- [Task statement]: A faithful copy of the data is the goal; set it down exactly, without the images.

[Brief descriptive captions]
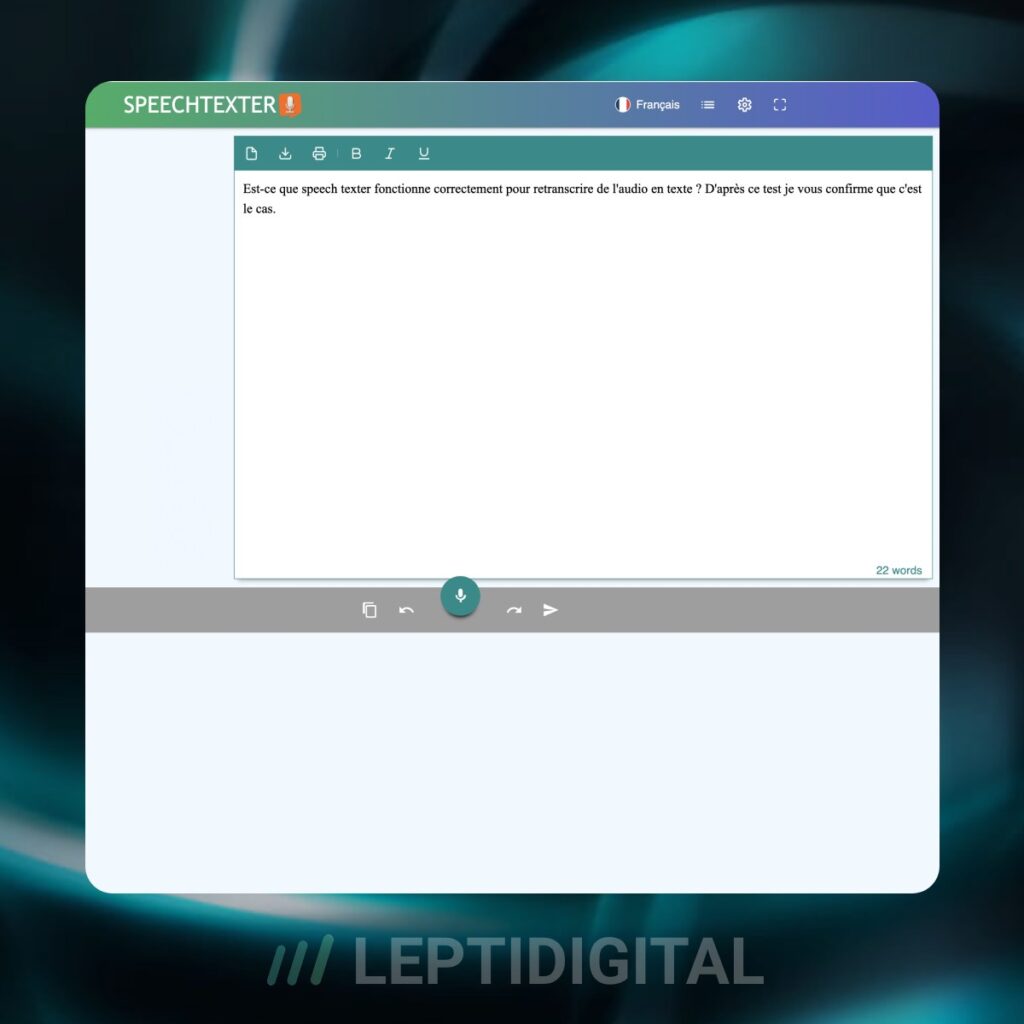 Aperçu de l'interface de SpeechTexter
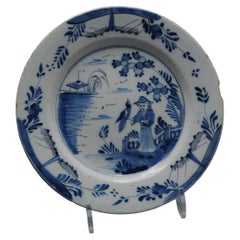 Delft - Blue and White 'Chinoiserie' Delft Plate, late 18th century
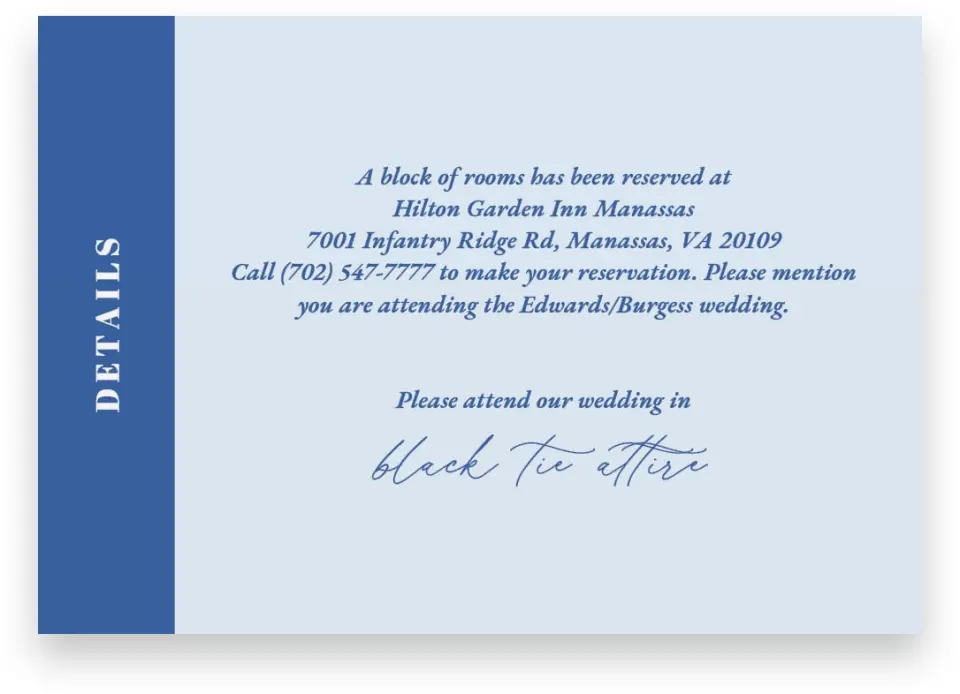This is a 5" x 3½" Wedding Invitation Enclosure Card called Forever and Ever printed in full color on Premium Smooth paper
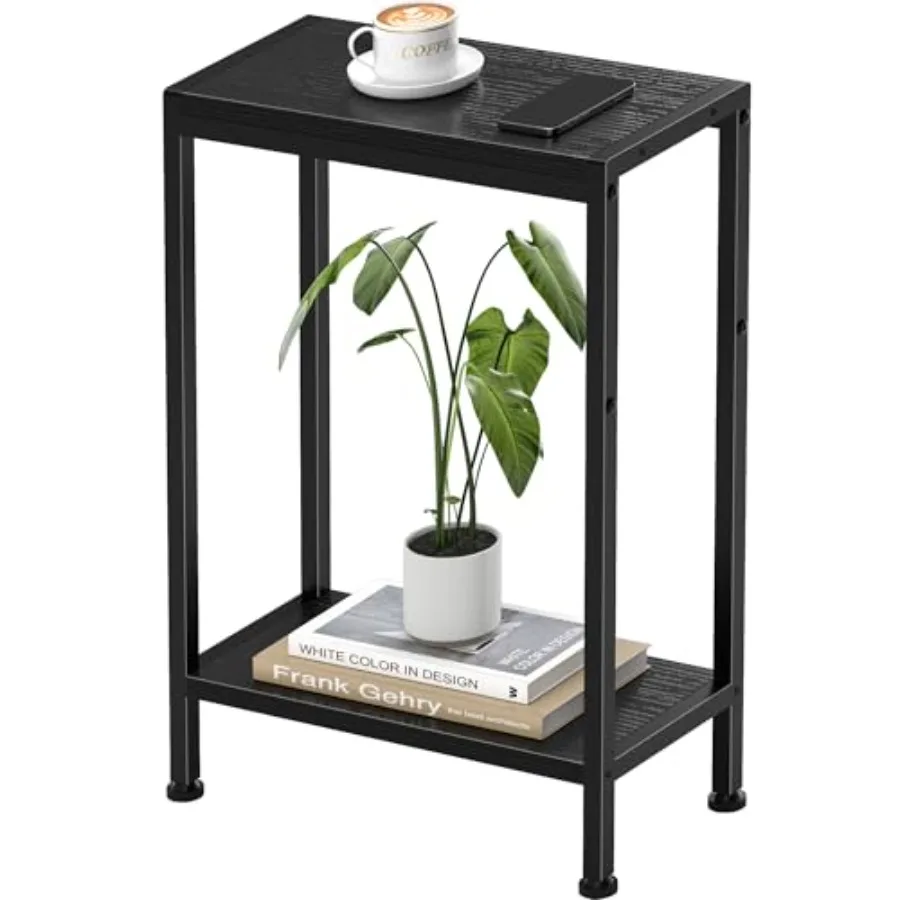 Narrow Side Table for Small Space 2Tier Small End Table with Shelf Holder in Living Room Bedroom Study Kitchen and Balcony Blac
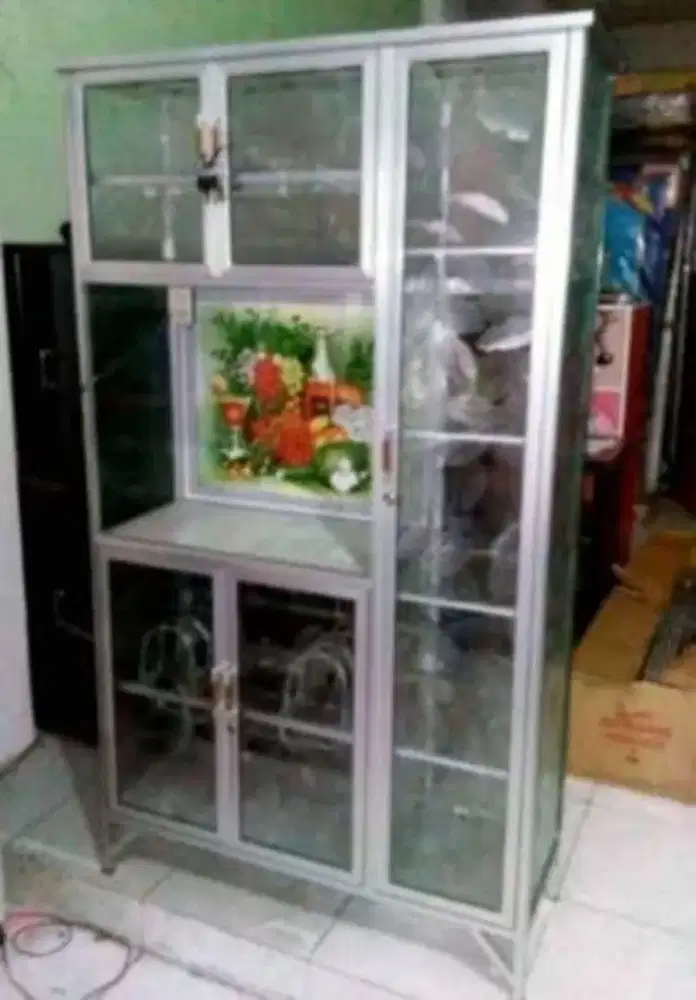 Rak Piring Aluminium Frame Putih + Keramik 3 Pintu Kaca Es 96-160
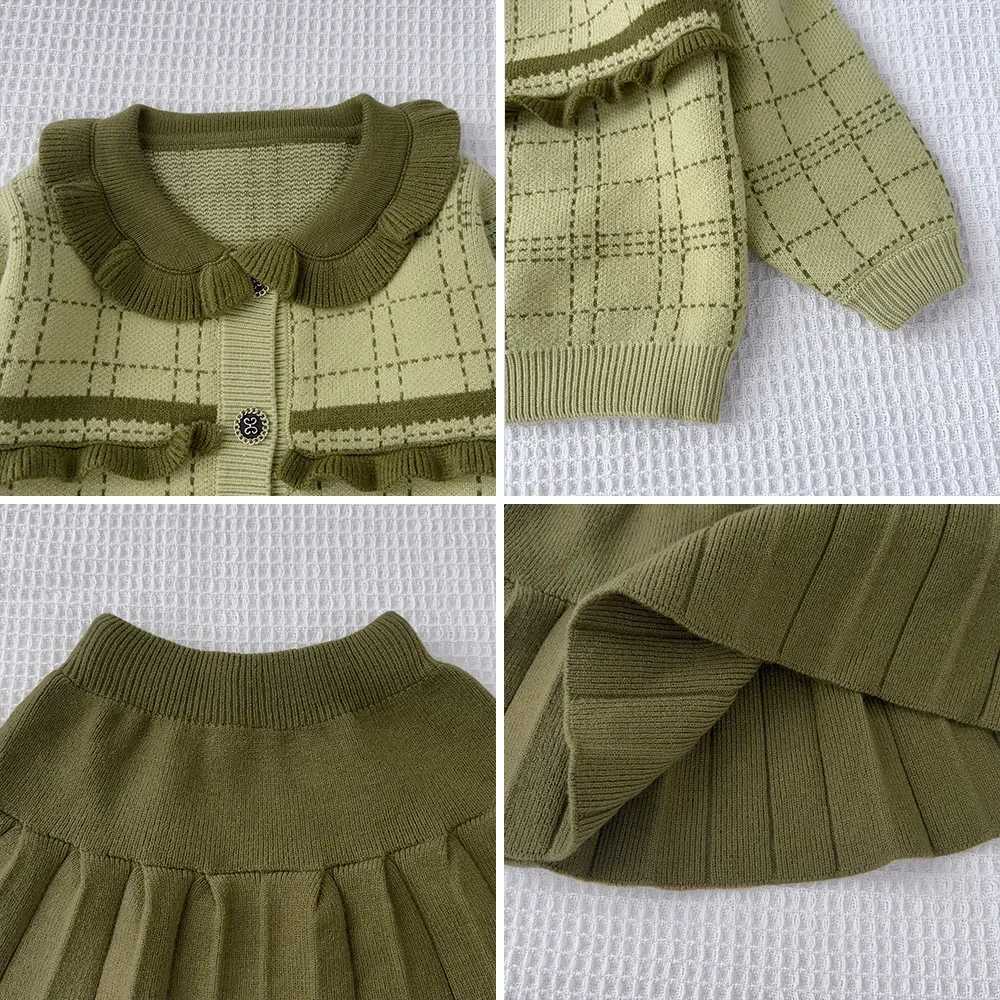 Winter Single Breasted Cardigan Top Cute Flower Girl Outfit Childrens Sets Green Plaid Lace Lapel Sweaterpleated Skirt Sets L250926NTHL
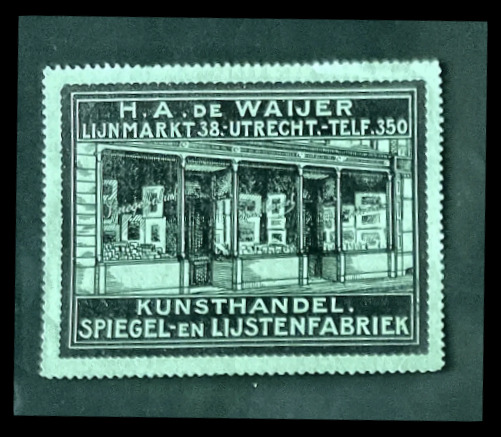 Sluitzegel H.A. de Waijer – Kunsthandel & Spiegel- en Lijstenfabriek Utrecht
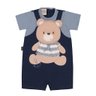 Macacao curto jardineira bebe menino na cor marinho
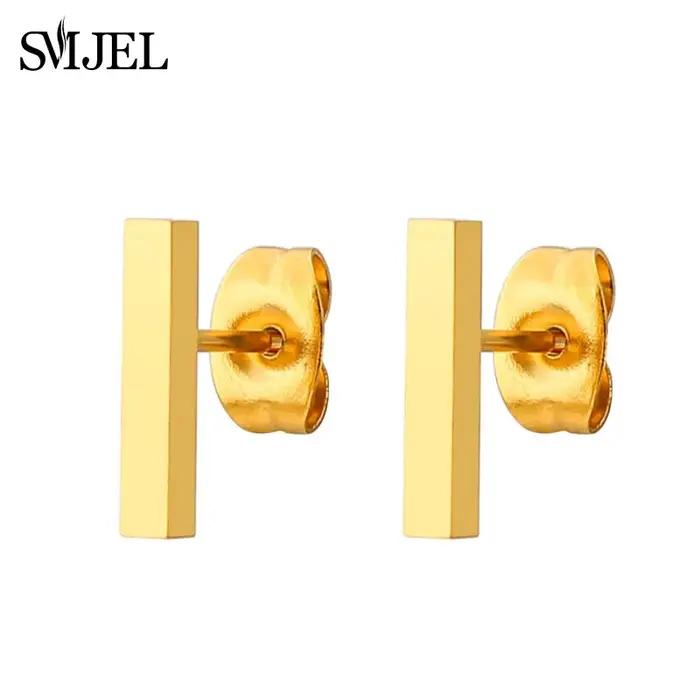 SMJEL Nouveauté 2026 Boucles d'oreilles simples en T pour femmes, couleur or rose, géométriques, lon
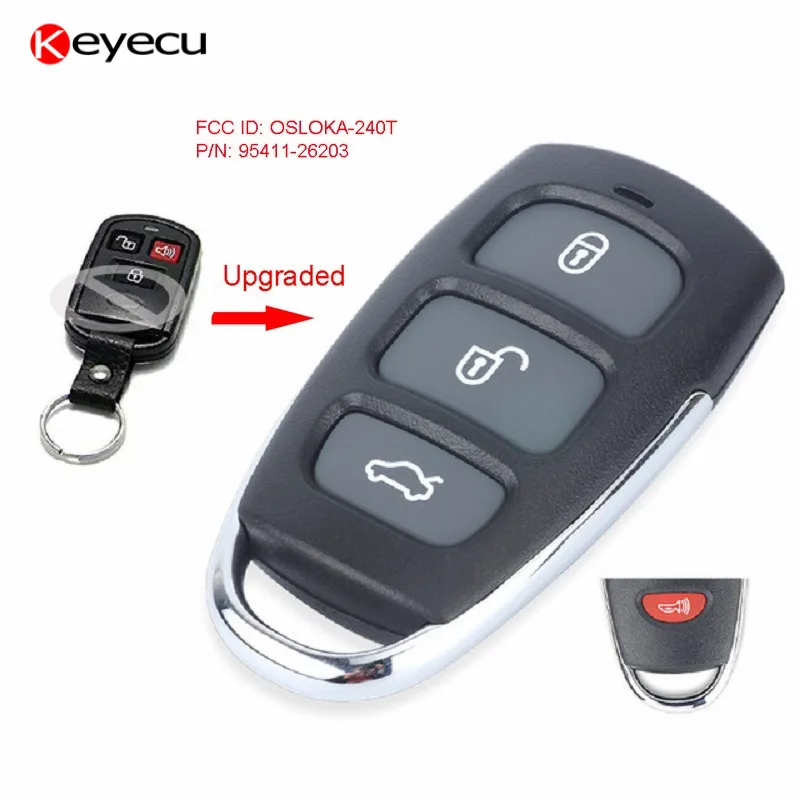 Keyecu Замена Обновлен дистанционного ключа автомобиля Управление брелок для hyundai
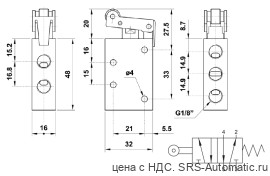 Короткий рычаг с роликом - пружинный возврат 03v r0 3 nc 02 - Короткий рычаг с роликом - пружинный возврат 03v r0 3 nc 02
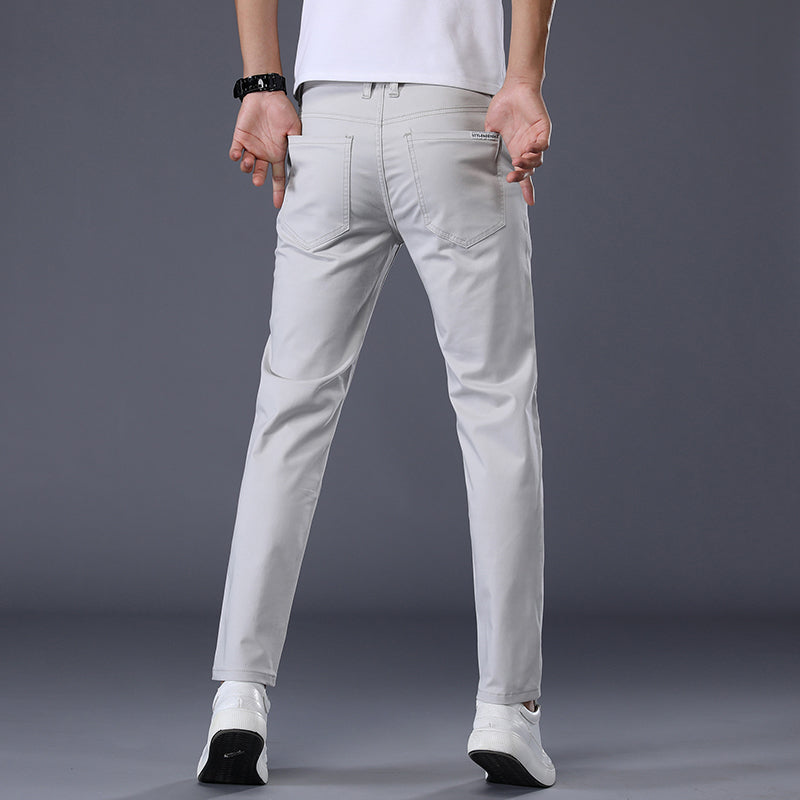 Beige Baumwolle Chino Hose für Herren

- [Task response]:
 Aperçu de l'interface de SpeechTexter
 Delft - Blue and White 'Chinoiserie' Delft Plate, late 18th century
This is a 5" x 3½" Wedding Invitation Enclosure Card called Forever and Ever printed in full color on Premium Smooth paper
 Narrow Side Table for Small Space 2Tier Small End Table with Shelf Holder in Living Room Bedroom Study Kitchen and Balcony Blac
 Rak Piring Aluminium Frame Putih + Keramik 3 Pintu Kaca Es 96-160
 Winter Single Breasted Cardigan Top Cute Flower Girl Outfit Childrens Sets Green Plaid Lace Lapel Sweaterpleated Skirt Sets L250926NTHL
 Sluitzegel H.A. de Waijer – Kunsthandel & Spiegel- en Lijstenfabriek Utrecht
 Macacao curto jardineira bebe menino na cor marinho
 SMJEL Nouveauté 2026 Boucles d'oreilles simples en T pour femmes, couleur or rose, géométriques, lon
 Keyecu Замена Обновлен дистанционного ключа автомобиля Управление брелок для hyundai
 Короткий рычаг с роликом - пружинный возврат 03v r0 3 nc 02 - Короткий рычаг с роликом - пружинный возврат 03v r0 3 nc 02
 Beige Baumwolle Chino Hose für Herren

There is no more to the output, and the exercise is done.